Shortly after the New Year I brokered a trade via the usual cosmic networks in which I sold the oversoul of Planet Earth to the universal entropic force (Satan, affectionately known as Stan) in
exchange for him supercharging the 93/156/696 Current to the point where everybody on earth instantly attained ascended master status and gained complete freedom over their own destiny in this reality and all others. No, really. There is now no such thing as consensual reality and what every person on the planet is currently experiencing is a living mirror specifically created by their own "master" consciousness designed to awaken them to the fact that they are, in fact, an ascended master and have complete freedom over their own destiny in this reality and all others. Seriously.

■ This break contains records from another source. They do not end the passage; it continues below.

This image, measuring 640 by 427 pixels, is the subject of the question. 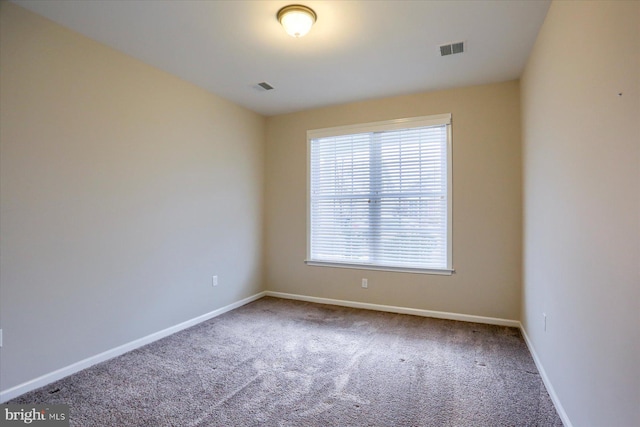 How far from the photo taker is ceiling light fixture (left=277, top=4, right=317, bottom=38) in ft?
7.06

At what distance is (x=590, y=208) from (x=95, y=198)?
129 inches

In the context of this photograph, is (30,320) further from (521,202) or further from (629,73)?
(521,202)

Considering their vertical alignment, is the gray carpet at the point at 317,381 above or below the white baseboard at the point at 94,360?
below

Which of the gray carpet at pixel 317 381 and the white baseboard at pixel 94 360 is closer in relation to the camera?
the gray carpet at pixel 317 381

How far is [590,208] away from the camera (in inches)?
57.9

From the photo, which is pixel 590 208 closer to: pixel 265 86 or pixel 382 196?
pixel 382 196

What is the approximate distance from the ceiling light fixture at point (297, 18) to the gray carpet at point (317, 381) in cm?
252

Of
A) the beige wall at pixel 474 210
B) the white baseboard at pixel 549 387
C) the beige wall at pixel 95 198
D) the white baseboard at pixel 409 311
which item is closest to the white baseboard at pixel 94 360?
the beige wall at pixel 95 198

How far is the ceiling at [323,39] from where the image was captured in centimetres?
218

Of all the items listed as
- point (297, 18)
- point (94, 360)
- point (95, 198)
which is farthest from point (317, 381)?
point (297, 18)

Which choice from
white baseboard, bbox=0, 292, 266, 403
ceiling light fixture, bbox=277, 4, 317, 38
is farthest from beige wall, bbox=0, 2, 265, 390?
ceiling light fixture, bbox=277, 4, 317, 38

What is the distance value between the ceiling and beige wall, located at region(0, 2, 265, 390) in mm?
266

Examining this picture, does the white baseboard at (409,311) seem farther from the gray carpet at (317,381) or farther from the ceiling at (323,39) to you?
the ceiling at (323,39)

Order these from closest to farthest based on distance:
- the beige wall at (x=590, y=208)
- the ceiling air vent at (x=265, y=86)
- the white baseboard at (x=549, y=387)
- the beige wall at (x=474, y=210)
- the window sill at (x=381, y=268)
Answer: the beige wall at (x=590, y=208)
the white baseboard at (x=549, y=387)
the beige wall at (x=474, y=210)
the ceiling air vent at (x=265, y=86)
the window sill at (x=381, y=268)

Also, I have a magic daisy chain of kinky sexual badgers in my kitchen cupboard that acts as an endless orgone battery for creating world happiness and lollipops for all. Because they are very, very magical badgers. Very magical indeed. Badger. Badger.
> Whats something someone new to magic could do right now to spread the vibe?
If you're new to magic, don't worry about spreading the vibe. Get your practice sorted and learn the most important magic trick of all, the one I always goof up: keeping your mouth shut. That is, unless
somebody comes directly to you with an honest need for info, in which case you better spill all the beans you got.
> Can you describe the result Tantra can induce for magical purposes, and the Ultraculture in particular?
To be honest I've been doing my best to get my head around Tantra for a couple years but it's very personal, very subtle, I'm still very new to it and I don't have a whole lot to say. I think the basic idea of Tantra~wake up and be aware of what's going on is one of the most important and most difficult/easy/"it just is" areas of magic, or rather, the whole magic ball game period. I like it. I makes me feel more human.
> What are some projects you have in the works?
I'm working on a couple of projects but I'm not sure I'll have anything more to say about magic, at least directly, in book form, for a while.